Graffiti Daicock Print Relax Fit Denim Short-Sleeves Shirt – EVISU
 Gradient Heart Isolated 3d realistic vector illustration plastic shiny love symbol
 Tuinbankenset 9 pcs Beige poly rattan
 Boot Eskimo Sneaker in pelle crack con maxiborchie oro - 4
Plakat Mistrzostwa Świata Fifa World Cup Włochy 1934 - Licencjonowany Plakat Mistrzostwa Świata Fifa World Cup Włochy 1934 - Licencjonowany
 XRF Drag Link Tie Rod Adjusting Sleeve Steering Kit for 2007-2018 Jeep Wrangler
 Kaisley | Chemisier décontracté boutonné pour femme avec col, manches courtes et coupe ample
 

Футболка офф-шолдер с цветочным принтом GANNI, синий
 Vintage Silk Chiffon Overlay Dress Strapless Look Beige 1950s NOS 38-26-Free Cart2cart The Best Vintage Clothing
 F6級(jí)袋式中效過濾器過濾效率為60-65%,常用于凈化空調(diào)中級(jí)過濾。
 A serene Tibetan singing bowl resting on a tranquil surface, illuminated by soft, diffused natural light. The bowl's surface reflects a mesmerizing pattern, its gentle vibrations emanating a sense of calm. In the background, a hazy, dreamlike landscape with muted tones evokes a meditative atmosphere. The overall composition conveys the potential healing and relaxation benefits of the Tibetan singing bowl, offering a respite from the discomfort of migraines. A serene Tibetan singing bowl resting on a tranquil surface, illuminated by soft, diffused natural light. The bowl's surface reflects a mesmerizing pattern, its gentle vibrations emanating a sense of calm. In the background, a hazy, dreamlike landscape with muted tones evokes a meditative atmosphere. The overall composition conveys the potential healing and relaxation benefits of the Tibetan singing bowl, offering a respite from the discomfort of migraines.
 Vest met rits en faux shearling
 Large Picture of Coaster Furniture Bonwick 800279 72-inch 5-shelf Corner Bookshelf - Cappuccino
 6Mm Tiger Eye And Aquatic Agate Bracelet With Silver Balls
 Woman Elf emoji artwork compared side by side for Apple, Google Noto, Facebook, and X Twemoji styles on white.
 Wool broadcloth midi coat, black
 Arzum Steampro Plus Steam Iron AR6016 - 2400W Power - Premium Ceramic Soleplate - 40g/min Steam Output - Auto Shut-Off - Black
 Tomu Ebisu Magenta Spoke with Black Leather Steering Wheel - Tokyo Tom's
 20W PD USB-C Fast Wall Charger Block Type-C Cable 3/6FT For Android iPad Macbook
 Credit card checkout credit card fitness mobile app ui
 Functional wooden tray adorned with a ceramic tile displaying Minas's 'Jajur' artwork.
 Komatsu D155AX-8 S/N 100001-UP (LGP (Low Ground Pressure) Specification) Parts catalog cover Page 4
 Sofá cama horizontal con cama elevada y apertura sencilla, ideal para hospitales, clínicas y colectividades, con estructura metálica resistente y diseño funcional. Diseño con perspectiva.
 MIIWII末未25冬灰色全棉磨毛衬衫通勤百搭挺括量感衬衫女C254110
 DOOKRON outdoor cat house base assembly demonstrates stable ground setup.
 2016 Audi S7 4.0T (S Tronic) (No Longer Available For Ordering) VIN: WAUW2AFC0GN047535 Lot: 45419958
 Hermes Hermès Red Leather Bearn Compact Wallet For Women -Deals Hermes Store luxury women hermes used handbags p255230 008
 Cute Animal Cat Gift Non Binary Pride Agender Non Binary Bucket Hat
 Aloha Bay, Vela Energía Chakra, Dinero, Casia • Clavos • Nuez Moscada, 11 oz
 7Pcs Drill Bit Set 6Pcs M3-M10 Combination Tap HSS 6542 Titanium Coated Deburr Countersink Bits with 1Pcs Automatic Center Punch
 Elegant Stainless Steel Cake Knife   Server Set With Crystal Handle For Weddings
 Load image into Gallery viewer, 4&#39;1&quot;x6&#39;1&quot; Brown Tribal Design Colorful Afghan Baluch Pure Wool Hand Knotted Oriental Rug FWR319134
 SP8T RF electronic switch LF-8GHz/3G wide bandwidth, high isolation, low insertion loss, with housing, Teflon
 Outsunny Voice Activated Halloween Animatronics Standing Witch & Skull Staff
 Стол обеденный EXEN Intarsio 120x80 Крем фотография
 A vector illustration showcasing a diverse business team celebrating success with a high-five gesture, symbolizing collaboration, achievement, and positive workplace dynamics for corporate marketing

------

* _Work instruction_: Write out every entry again, keeping each line exactly the same.

* _Reply_:
Graffiti Daicock Print Relax Fit Denim Short-Sleeves Shirt – EVISU
 Gradient Heart Isolated 3d realistic vector illustration plastic shiny love symbol
 Tuinbankenset 9 pcs Beige poly rattan
 Boot Eskimo Sneaker in pelle crack con maxiborchie oro - 4
Plakat Mistrzostwa Świata Fifa World Cup Włochy 1934 - Licencjonowany Plakat Mistrzostwa Świata Fifa World Cup Włochy 1934 - Licencjonowany
 XRF Drag Link Tie Rod Adjusting Sleeve Steering Kit for 2007-2018 Jeep Wrangler
 Kaisley | Chemisier décontracté boutonné pour femme avec col, manches courtes et coupe ample
 

Футболка офф-шолдер с цветочным принтом GANNI, синий
 Vintage Silk Chiffon Overlay Dress Strapless Look Beige 1950s NOS 38-26-Free Cart2cart The Best Vintage Clothing
 F6級(jí)袋式中效過濾器過濾效率為60-65%,常用于凈化空調(diào)中級(jí)過濾。
 A serene Tibetan singing bowl resting on a tranquil surface, illuminated by soft, diffused natural light. The bowl's surface reflects a mesmerizing pattern, its gentle vibrations emanating a sense of calm. In the background, a hazy, dreamlike landscape with muted tones evokes a meditative atmosphere. The overall composition conveys the potential healing and relaxation benefits of the Tibetan singing bowl, offering a respite from the discomfort of migraines. A serene Tibetan singing bowl resting on a tranquil surface, illuminated by soft, diffused natural light. The bowl's surface reflects a mesmerizing pattern, its gentle vibrations emanating a sense of calm. In the background, a hazy, dreamlike landscape with muted tones evokes a meditative atmosphere. The overall composition conveys the potential healing and relaxation benefits of the Tibetan singing bowl, offering a respite from the discomfort of migraines.
 Vest met rits en faux shearling
 Large Picture of Coaster Furniture Bonwick 800279 72-inch 5-shelf Corner Bookshelf - Cappuccino
 6Mm Tiger Eye And Aquatic Agate Bracelet With Silver Balls
 Woman Elf emoji artwork compared side by side for Apple, Google Noto, Facebook, and X Twemoji styles on white.
 Wool broadcloth midi coat, black
 Arzum Steampro Plus Steam Iron AR6016 - 2400W Power - Premium Ceramic Soleplate - 40g/min Steam Output - Auto Shut-Off - Black
 Tomu Ebisu Magenta Spoke with Black Leather Steering Wheel - Tokyo Tom's
 20W PD USB-C Fast Wall Charger Block Type-C Cable 3/6FT For Android iPad Macbook
 Credit card checkout credit card fitness mobile app ui
 Functional wooden tray adorned with a ceramic tile displaying Minas's 'Jajur' artwork.
 Komatsu D155AX-8 S/N 100001-UP (LGP (Low Ground Pressure) Specification) Parts catalog cover Page 4
 Sofá cama horizontal con cama elevada y apertura sencilla, ideal para hospitales, clínicas y colectividades, con estructura metálica resistente y diseño funcional. Diseño con perspectiva.
 MIIWII末未25冬灰色全棉磨毛衬衫通勤百搭挺括量感衬衫女C254110
 DOOKRON outdoor cat house base assembly demonstrates stable ground setup.
 2016 Audi S7 4.0T (S Tronic) (No Longer Available For Ordering) VIN: WAUW2AFC0GN047535 Lot: 45419958
 Hermes Hermès Red Leather Bearn Compact Wallet For Women -Deals Hermes Store luxury women hermes used handbags p255230 008
 Cute Animal Cat Gift Non Binary Pride Agender Non Binary Bucket Hat
 Aloha Bay, Vela Energía Chakra, Dinero, Casia • Clavos • Nuez Moscada, 11 oz
 7Pcs Drill Bit Set 6Pcs M3-M10 Combination Tap HSS 6542 Titanium Coated Deburr Countersink Bits with 1Pcs Automatic Center Punch
 Elegant Stainless Steel Cake Knife   Server Set With Crystal Handle For Weddings
 Load image into Gallery viewer, 4&#39;1&quot;x6&#39;1&quot; Brown Tribal Design Colorful Afghan Baluch Pure Wool Hand Knotted Oriental Rug FWR319134
 SP8T RF electronic switch LF-8GHz/3G wide bandwidth, high isolation, low insertion loss, with housing, Teflon
 Outsunny Voice Activated Halloween Animatronics Standing Witch & Skull Staff
 Стол обеденный EXEN Intarsio 120x80 Крем фотография
 A vector illustration showcasing a diverse business team celebrating success with a high-five gesture, symbolizing collaboration, achievement, and positive workplace dynamics for corporate marketing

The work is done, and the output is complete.